# [EXERCISE DIRECTIONS]
What is needed is an exact copy of the lines from the one containing "148 LAKE MARGO Drive, Satsuma, FL 32189" through the last line of the records, with no pictures.
INFORMATION SUPPLIED: Begin
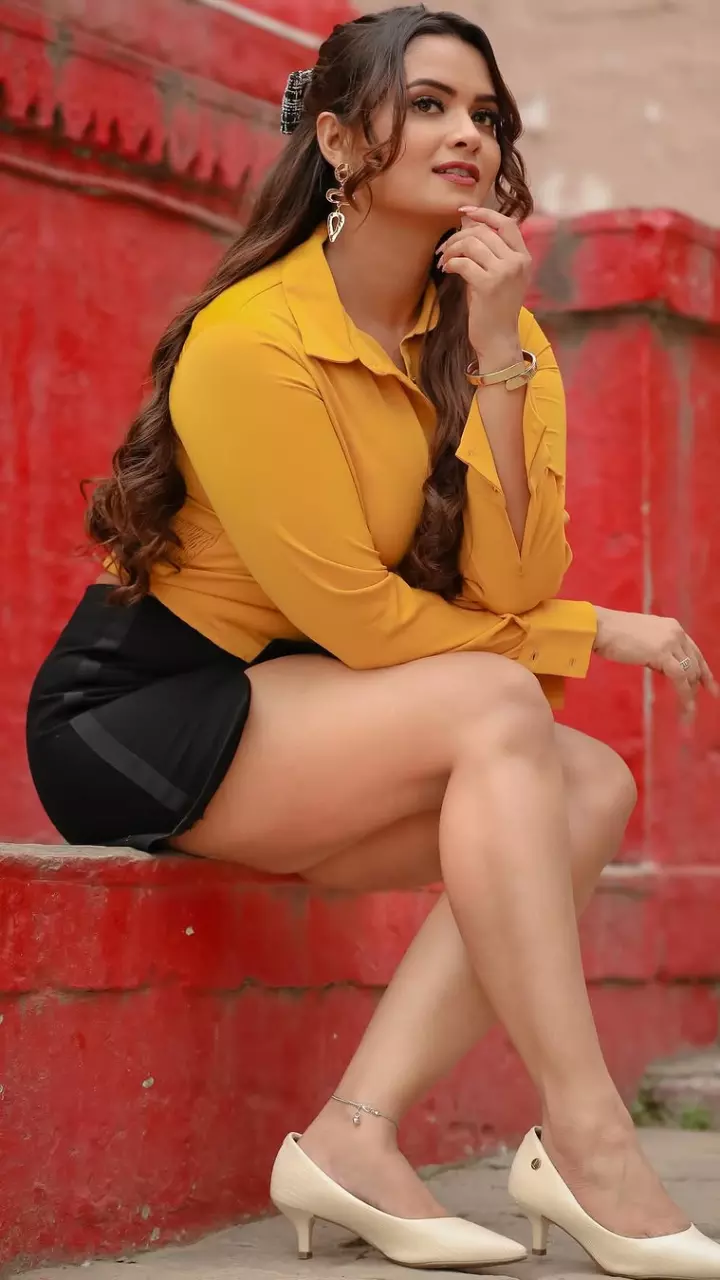 नीलम गिरी की हॉट तस्वीरें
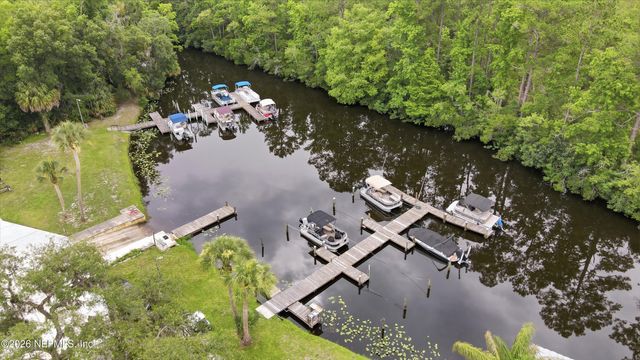 148 LAKE MARGO Drive, Satsuma, FL 32189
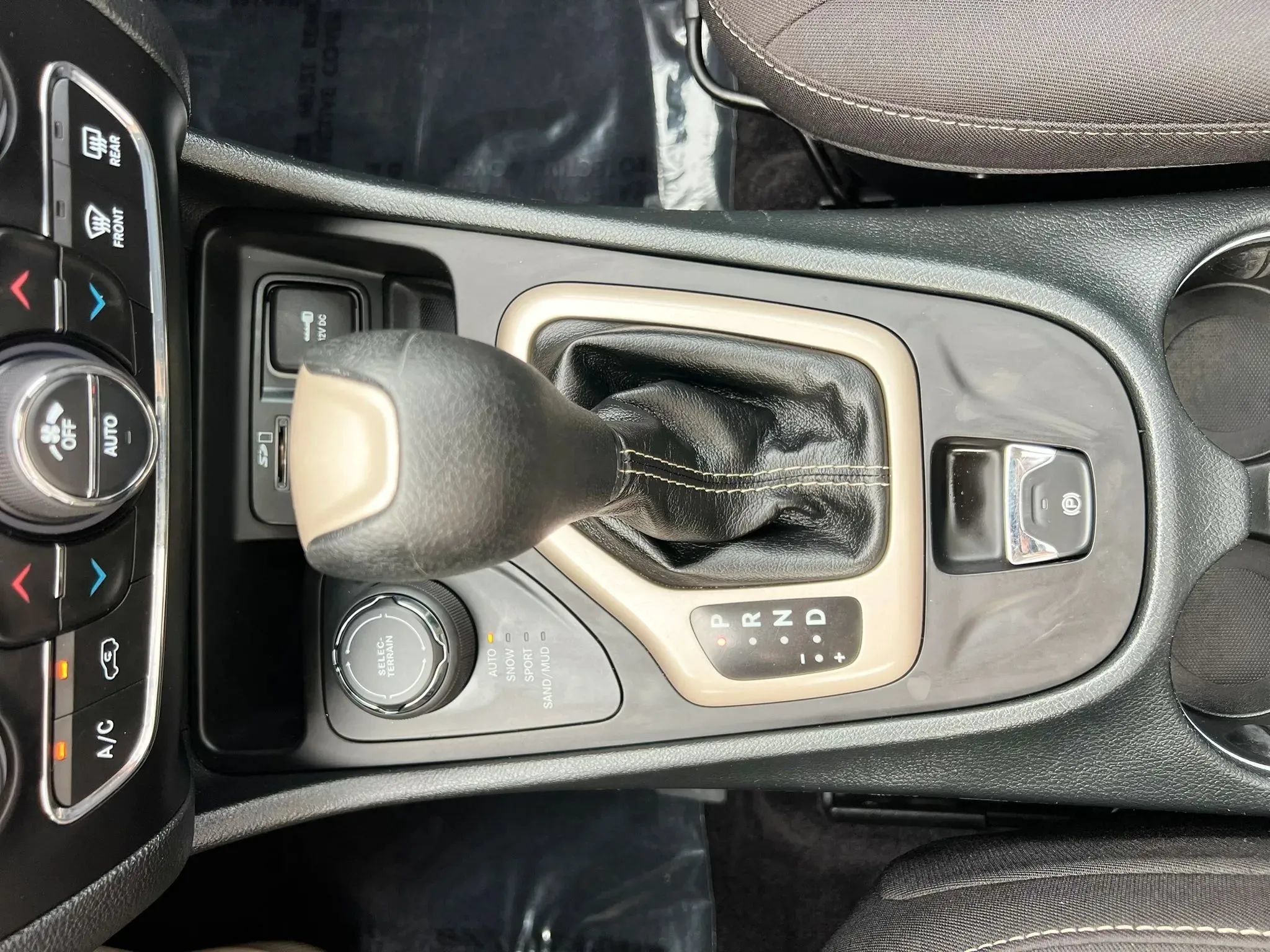 Used 2016 Jeep Cherokee Latitude w/ Comfort/Convenience Group AWD/4WD image 28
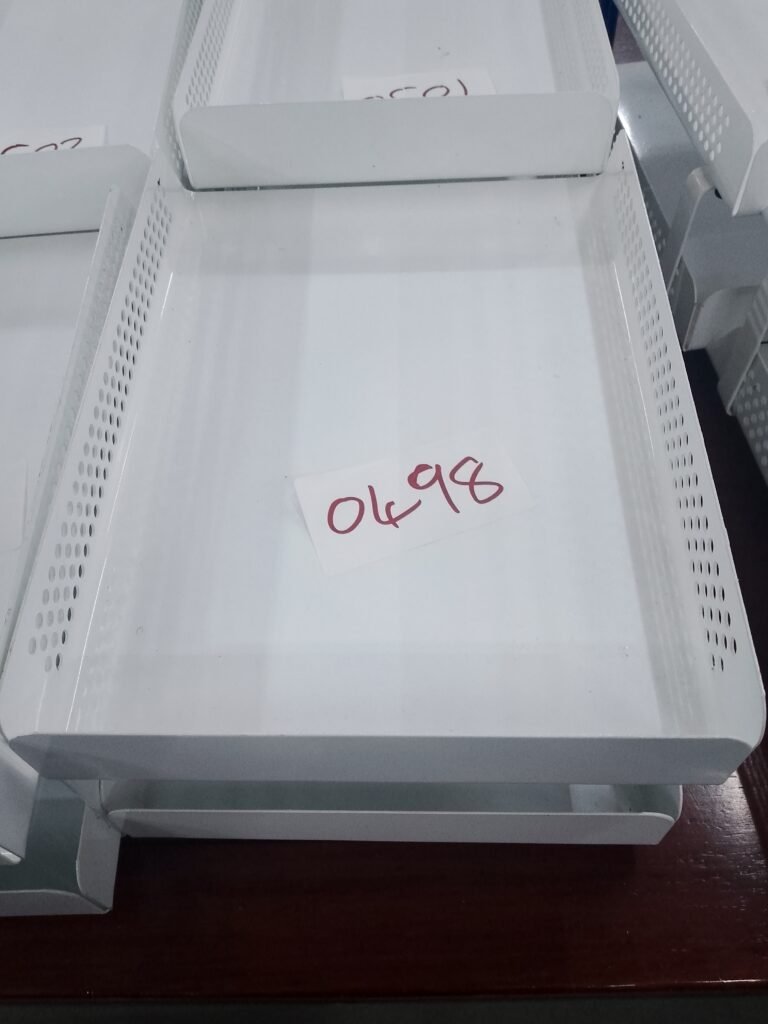 ITEM WHITE METAL TRAY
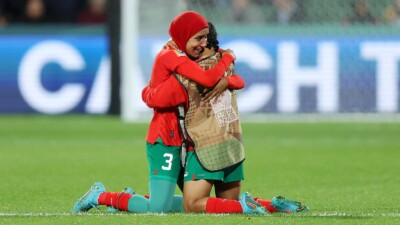 Jogadoras de Marrocos comemorando a classificação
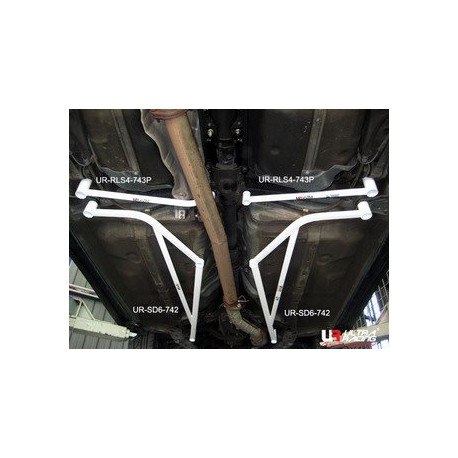 Rozpery Impreza WRX/STI 01-07 UltraRacing 2x 3-bodová podlahová rozpera | race-shop.sk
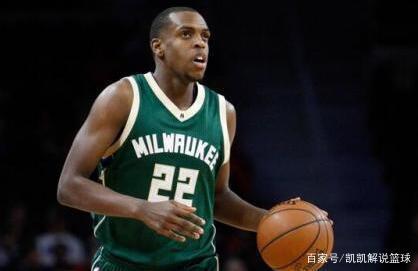 中占据更为 中占据更为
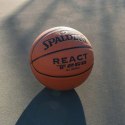 Piłka do koszykówki Spalding React TF-250 76801Z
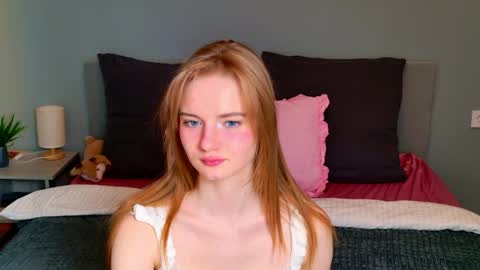 Snapshot of elza_hofffman chatting on 04.29.26 Chloyka online show from 04.29.26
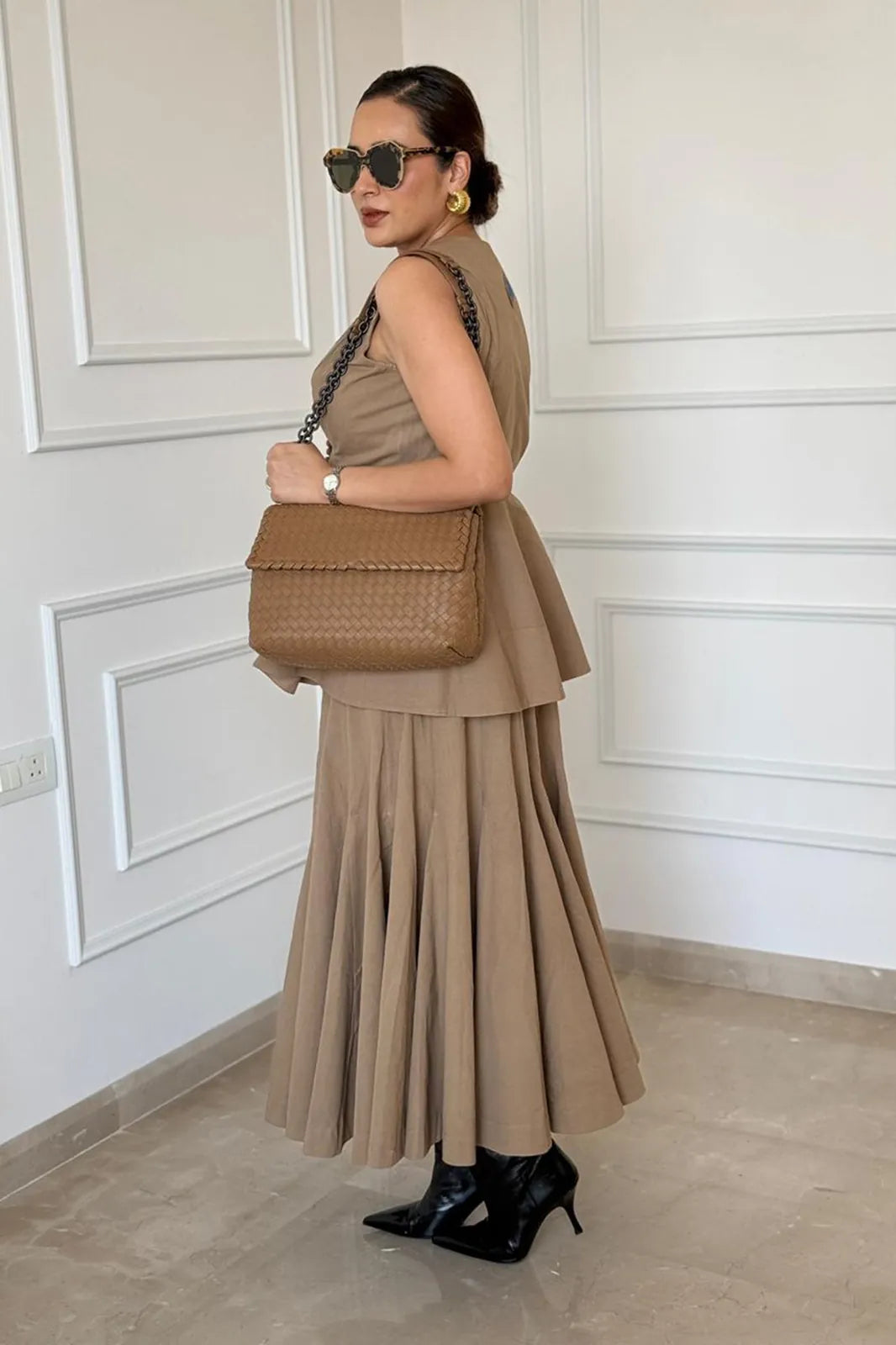 priyanka yadav in lily vanderwoodsen set (sleeveless), image 1
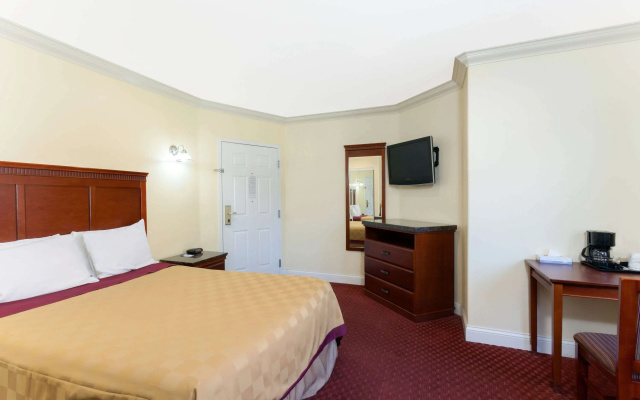 Travelodge by Wyndham Brea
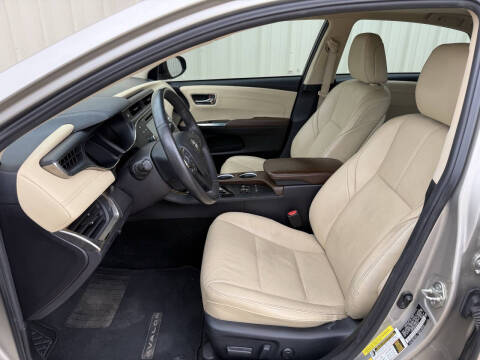 2018 Toyota Avalon Hybrid XLE Premium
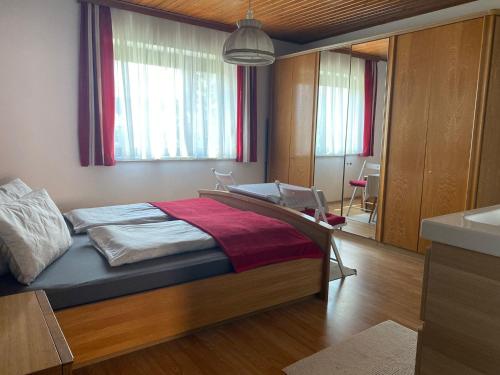 Katil atau katil-katil dalam bilik di Holiday apartment in St Kanzian on Lake Klopein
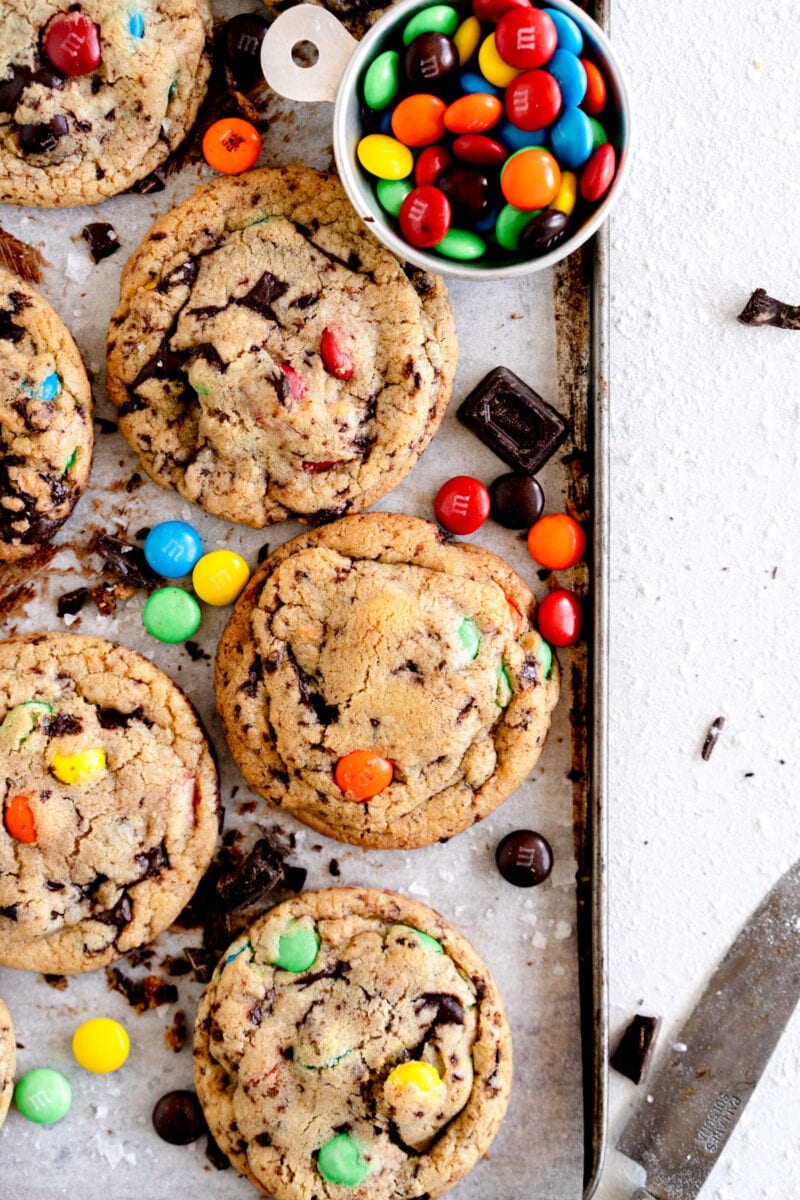 edge of pan with cookies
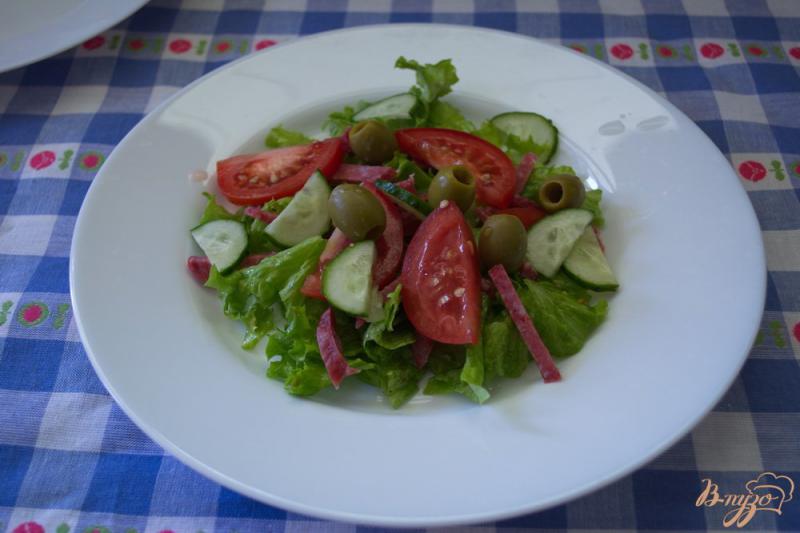 Фото приготовление рецепта: Арагонский салат с салями шаг №6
INFORMATION SUPPLIED: End
# [RESPONSE TO THIS TASK]
 148 LAKE MARGO Drive, Satsuma, FL 32189
 Used 2016 Jeep Cherokee Latitude w/ Comfort/Convenience Group AWD/4WD image 28
 ITEM WHITE METAL TRAY
 Jogadoras de Marrocos comemorando a classificação
 Rozpery Impreza WRX/STI 01-07 UltraRacing 2x 3-bodová podlahová rozpera | race-shop.sk
 中占据更为 中占据更为
 Piłka do koszykówki Spalding React TF-250 76801Z
 Snapshot of elza_hofffman chatting on 04.29.26 Chloyka online show from 04.29.26
 priyanka yadav in lily vanderwoodsen set (sleeveless), image 1
 Travelodge by Wyndham Brea
 2018 Toyota Avalon Hybrid XLE Premium
 Katil atau katil-katil dalam bilik di Holiday apartment in St Kanzian on Lake Klopein
 edge of pan with cookies
 Фото приготовление рецепта: Арагонский салат с салями шаг №6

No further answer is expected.